I am sharing my model loading code:

Model Loading

    image_size = 512
    input_shape = (image_size, image_size, 3)
    
    epochs = 50
    batch_size = 16
    
    pre_trained_model = tf.keras.applications.ResNet50V2(input_shape=input_shape, include_top=False, weights="imagenet")
        
    for layer in pre_trained_model.layers:
        layer.trainable = False
        
    # last_layer = pre_trained_model.get_layer('block5_pool')
    # last_output = last_layer.output
        
    # Global Max pool due to finding 1x1 conv (heatmap) post task
    x = GlobalMaxPooling2D()(pre_trained_model.output)
    x = Dropout(0.3)(x)
    
    x = Dense(512, activation='relu')(x)
    # Add a final sigmoid layer for classification
    x = layers.Dense(2, activation='softmax')(x)
    
    model = Model(pre_trained_model.input, x)
    
    model.compile(loss='categorical_crossentropy',
                  optimizer=adam,
                  metrics=metric)
    
    model.summary()
history = model.fit(train_generator, validation_data=validation_generator,
                    steps_per_epoch=train_steps,                    
                    validation_steps=val_steps,
                    epochs=50, use_multiprocessing=True, callbacks=call_backs)

Finetunning model Loading

    dependencies = {
    'f1_m': f1_m,
    'recall_m': recall_m,
    'precision_m': precision_m,
    'specificity': specificity,
    
}
model = keras.models.load_model('/models/classifier/saved-model-50-0.90.hdf5', custom_objects=dependencies)
model.summary()

model.trainable = True
# Let's take a look to see how many layers are in the base model
print("Number of layers in the base model: ", len(model.layers))
len(model.trainable_variables)

for i, layer in enumerate(model.layers):
    print(i, layer.name, layer.trainable)

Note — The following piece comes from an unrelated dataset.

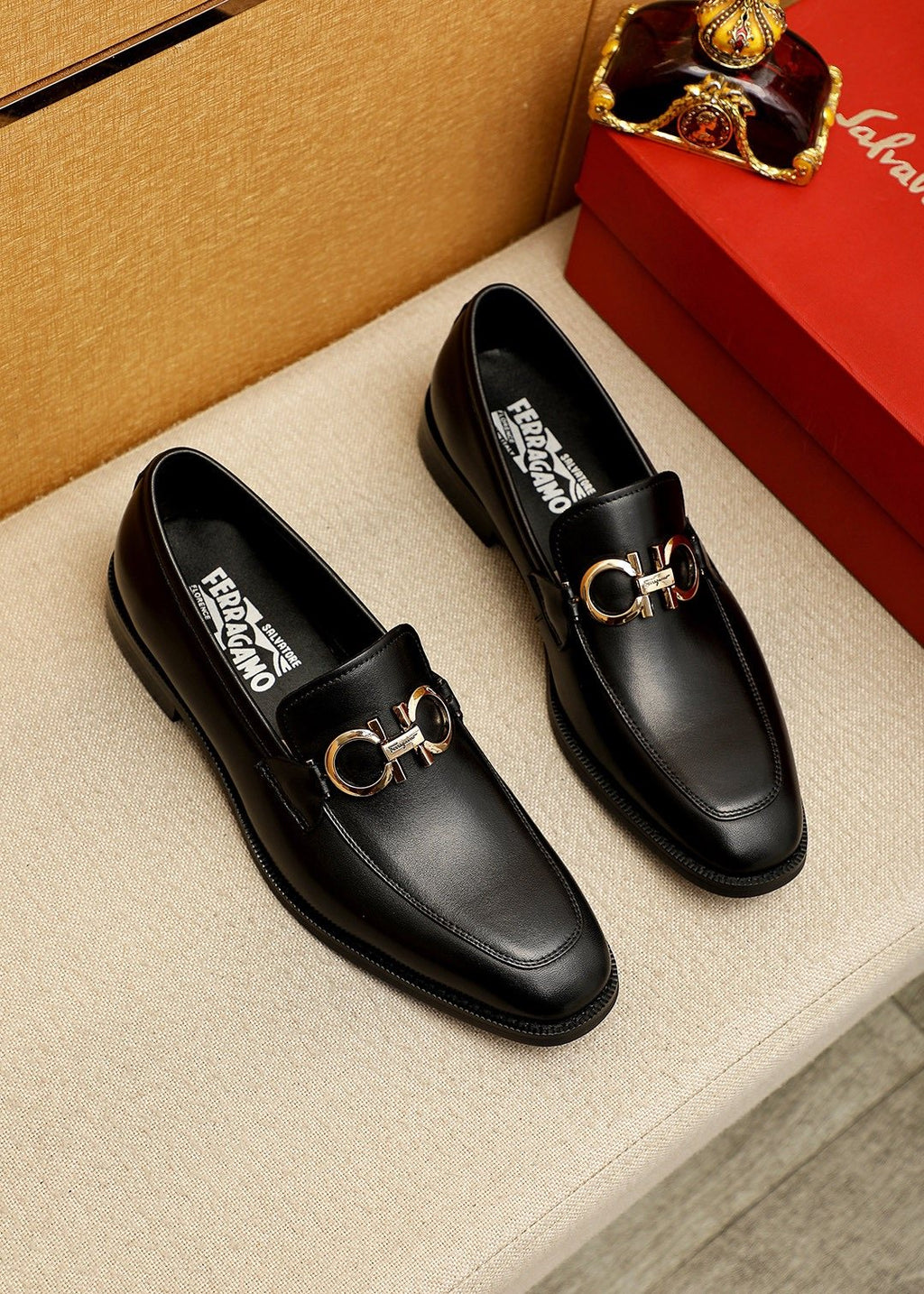 Ferragamo Black Hardware Loafers — front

history = model.fit(train_generator, validation_data=validation_generator,
                    steps_per_epoch=train_steps,                    
                    validation_steps=val_steps,
                    epochs=50, use_multiprocessing=True, callbacks=call_backs)

Note:

I am adding all the required steps for improving results, e.g.

• augmentation
• dropout
• different call_backs (lr_decay, early_stop, checkpoint)
• play with learning_rate
• optimizers
• class-weights (classes are balance perfectly)
• multi-scale features pooling
• shuffle
• use BatchNormalization Thank your patience.

Answer 1

To answer your questions (in the same order):

• Yes, you are doing transfer learning.
• Yes, it is okay to add your own layers to the model as per your requirement.
• The recommended approach is to only make the newly added layers trainable and train for a few epochs. Then, make all the layers trainable and train again. If you add your own layers to the model and start training all the layers, large gradient updates to your newly added layers can mess up the pre-trained weights in the rest of the model as gradient updates are propagated backwards during backpropagation.
• Yes, ideally you should.

To improve your results, you may consider using other model architectures, or a different approach for solving the problem altogether.